- **WHAT YOU HAVE TO DO**: Given the entries that follow, write out exactly the lines starting at the one containing "These covers glisten" and ending at the one containing "Hi, my name", both ends included, and only those.

** RECORDS TO USE follows **

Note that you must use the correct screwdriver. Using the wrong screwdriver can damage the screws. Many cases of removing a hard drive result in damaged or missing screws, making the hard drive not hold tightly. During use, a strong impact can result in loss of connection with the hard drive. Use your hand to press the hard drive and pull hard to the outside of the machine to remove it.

** End of RECORDS TO USE **
** RECORDS TO USE follows **

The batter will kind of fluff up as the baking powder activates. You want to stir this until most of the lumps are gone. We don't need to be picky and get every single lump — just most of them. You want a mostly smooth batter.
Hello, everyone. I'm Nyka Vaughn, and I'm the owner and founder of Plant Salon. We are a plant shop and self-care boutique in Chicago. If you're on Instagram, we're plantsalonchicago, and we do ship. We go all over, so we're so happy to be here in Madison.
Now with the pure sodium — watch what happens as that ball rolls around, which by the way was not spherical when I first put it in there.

** End of RECORDS TO USE **
** RECORDS TO USE follows **

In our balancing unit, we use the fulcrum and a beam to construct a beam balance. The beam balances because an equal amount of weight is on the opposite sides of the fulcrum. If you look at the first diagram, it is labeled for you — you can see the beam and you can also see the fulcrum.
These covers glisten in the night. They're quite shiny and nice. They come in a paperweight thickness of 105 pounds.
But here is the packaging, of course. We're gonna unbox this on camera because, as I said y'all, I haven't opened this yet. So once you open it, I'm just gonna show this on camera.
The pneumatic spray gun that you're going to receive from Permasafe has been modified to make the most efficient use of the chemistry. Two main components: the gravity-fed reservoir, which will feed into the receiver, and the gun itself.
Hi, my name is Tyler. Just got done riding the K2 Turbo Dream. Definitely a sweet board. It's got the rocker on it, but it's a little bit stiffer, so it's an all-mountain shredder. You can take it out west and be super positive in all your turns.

** End of RECORDS TO USE **

- **RESPONSE TO THIS TASK**:
These covers glisten in the night. They're quite shiny and nice. They come in a paperweight thickness of 105 pounds.
But here is the packaging, of course. We're gonna unbox this on camera because, as I said y'all, I haven't opened this yet. So once you open it, I'm just gonna show this on camera.
The pneumatic spray gun that you're going to receive from Permasafe has been modified to make the most efficient use of the chemistry. Two main components: the gravity-fed reservoir, which will feed into the receiver, and the gun itself.
Hi, my name is Tyler. Just got done riding the K2 Turbo Dream. Definitely a sweet board. It's got the rocker on it, but it's a little bit stiffer, so it's an all-mountain shredder. You can take it out west and be super positive in all your turns.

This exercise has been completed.